◆ **EXERCISE DESCRIPTION**
Go through the data and retrieve each line that includes the string "beim".

(Items listed in a dataset)
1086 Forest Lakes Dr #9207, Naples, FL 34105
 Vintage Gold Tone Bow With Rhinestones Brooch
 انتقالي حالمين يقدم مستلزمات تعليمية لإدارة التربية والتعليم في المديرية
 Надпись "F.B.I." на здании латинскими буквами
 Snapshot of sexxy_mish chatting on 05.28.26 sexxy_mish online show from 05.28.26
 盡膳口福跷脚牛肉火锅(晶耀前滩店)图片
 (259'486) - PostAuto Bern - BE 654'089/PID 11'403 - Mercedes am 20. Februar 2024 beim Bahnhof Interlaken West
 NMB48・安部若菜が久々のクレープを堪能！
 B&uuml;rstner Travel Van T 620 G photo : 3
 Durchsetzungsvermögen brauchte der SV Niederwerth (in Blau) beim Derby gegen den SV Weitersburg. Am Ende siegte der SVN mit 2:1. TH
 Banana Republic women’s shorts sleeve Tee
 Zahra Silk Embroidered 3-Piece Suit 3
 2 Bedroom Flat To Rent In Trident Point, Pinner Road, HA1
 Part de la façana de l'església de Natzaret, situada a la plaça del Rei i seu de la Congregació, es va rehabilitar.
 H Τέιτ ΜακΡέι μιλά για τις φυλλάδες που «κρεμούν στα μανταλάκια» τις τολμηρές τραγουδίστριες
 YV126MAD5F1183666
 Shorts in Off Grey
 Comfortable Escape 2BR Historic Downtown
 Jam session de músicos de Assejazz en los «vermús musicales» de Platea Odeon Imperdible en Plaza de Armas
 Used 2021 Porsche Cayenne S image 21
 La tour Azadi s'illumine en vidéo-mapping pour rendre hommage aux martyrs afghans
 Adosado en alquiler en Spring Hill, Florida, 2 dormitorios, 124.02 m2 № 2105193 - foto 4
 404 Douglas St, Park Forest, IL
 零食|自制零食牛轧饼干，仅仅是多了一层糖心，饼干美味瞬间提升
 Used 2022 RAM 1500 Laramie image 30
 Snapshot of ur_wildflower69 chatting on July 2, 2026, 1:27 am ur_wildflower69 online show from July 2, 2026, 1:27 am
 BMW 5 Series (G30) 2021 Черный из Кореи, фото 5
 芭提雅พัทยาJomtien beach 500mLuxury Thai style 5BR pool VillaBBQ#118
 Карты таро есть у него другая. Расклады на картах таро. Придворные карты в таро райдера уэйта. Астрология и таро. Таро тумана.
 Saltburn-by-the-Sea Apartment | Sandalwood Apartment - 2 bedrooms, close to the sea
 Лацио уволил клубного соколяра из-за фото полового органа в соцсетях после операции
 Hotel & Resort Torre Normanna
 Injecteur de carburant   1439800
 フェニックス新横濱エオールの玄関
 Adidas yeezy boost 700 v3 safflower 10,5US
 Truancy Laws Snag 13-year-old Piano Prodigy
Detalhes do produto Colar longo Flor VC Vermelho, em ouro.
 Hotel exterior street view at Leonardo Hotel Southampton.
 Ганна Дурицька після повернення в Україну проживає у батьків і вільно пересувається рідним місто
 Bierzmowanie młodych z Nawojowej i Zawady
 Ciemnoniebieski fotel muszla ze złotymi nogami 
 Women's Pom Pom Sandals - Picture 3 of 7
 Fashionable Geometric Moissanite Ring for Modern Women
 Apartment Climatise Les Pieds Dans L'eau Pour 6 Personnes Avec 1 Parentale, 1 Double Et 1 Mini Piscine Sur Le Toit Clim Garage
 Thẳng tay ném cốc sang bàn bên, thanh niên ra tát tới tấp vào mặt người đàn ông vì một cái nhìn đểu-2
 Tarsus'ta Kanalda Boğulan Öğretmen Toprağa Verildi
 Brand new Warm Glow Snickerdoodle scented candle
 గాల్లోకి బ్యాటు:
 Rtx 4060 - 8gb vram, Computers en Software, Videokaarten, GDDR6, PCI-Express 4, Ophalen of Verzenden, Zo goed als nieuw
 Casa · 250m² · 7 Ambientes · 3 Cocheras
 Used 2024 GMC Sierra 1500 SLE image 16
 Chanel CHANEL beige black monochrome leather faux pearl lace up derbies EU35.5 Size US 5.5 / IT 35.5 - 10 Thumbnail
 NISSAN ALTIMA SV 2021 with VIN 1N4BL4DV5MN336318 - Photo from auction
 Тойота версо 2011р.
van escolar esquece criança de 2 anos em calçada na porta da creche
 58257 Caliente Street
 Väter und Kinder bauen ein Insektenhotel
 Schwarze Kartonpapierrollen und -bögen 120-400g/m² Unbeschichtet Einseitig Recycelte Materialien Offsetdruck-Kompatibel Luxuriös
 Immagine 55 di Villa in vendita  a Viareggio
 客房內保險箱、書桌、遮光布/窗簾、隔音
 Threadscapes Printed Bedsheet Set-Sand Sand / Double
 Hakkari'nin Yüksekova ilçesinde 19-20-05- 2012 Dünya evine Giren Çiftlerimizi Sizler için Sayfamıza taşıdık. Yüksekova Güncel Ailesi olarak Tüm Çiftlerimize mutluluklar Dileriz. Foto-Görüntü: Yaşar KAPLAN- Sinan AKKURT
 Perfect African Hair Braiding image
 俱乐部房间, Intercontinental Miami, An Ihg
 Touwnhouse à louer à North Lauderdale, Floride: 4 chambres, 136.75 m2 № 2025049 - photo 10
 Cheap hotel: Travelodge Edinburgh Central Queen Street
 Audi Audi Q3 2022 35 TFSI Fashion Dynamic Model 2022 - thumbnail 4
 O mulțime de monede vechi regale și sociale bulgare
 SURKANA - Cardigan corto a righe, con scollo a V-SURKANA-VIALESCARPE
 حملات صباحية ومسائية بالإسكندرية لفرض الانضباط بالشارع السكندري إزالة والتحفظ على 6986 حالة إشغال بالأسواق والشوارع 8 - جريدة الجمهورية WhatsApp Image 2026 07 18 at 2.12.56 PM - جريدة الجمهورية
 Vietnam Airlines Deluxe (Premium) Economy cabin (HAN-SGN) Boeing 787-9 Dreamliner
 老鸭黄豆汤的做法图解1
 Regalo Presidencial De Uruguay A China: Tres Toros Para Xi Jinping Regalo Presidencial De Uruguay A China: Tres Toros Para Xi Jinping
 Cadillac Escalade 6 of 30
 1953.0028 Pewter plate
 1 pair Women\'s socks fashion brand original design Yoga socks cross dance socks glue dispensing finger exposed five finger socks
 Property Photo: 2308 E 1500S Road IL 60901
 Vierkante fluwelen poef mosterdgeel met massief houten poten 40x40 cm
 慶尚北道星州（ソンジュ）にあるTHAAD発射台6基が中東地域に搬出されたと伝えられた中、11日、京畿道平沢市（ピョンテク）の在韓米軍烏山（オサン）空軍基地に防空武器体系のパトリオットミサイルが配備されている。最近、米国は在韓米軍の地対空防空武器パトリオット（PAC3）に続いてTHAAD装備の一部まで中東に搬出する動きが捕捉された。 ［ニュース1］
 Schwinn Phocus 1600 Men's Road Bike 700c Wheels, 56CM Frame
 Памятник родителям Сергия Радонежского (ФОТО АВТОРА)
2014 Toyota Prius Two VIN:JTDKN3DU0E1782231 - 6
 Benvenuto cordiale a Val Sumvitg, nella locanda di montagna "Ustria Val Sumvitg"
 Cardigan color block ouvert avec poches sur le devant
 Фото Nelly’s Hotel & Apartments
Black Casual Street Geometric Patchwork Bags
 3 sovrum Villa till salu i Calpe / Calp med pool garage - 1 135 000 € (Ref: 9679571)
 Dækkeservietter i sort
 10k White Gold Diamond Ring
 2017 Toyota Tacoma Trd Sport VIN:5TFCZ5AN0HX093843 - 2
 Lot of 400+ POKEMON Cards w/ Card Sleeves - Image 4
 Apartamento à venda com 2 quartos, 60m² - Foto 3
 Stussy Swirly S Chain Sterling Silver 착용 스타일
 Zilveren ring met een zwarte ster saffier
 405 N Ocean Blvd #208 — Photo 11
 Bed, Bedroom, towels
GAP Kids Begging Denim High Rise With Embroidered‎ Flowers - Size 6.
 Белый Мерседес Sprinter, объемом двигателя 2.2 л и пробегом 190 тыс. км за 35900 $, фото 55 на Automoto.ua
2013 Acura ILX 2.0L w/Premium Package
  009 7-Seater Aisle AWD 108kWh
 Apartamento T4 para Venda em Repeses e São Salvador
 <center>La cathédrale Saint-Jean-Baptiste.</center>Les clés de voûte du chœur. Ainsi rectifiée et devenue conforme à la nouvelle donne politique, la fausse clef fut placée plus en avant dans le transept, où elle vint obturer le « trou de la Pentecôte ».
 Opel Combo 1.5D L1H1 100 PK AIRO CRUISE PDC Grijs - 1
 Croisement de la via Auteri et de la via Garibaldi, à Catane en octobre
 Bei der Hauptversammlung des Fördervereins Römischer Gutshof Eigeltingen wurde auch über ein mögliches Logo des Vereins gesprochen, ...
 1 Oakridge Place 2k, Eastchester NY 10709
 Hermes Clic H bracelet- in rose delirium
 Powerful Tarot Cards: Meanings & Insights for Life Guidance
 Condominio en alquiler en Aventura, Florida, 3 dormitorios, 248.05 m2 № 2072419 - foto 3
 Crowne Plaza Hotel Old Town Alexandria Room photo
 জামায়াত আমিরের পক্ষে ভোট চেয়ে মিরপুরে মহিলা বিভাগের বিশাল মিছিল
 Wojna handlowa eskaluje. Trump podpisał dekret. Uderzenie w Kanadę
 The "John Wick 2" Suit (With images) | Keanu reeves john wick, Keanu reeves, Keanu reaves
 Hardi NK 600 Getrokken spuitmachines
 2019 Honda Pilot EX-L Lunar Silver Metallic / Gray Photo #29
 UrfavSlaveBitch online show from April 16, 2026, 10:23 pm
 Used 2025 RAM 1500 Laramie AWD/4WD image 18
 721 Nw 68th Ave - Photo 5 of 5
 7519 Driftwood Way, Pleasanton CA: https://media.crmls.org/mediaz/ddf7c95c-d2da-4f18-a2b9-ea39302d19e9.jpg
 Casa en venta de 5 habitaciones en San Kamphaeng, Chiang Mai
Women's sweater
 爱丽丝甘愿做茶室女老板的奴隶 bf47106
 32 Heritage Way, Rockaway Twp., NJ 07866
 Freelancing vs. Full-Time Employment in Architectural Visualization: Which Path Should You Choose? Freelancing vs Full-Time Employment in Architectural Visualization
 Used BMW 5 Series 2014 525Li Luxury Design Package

◆ **SOLUTION BELOW**
 (259'486) - PostAuto Bern - BE 654'089/PID 11'403 - Mercedes am 20. Februar 2024 beim Bahnhof Interlaken West
 Durchsetzungsvermögen brauchte der SV Niederwerth (in Blau) beim Derby gegen den SV Weitersburg. Am Ende siegte der SVN mit 2:1. TH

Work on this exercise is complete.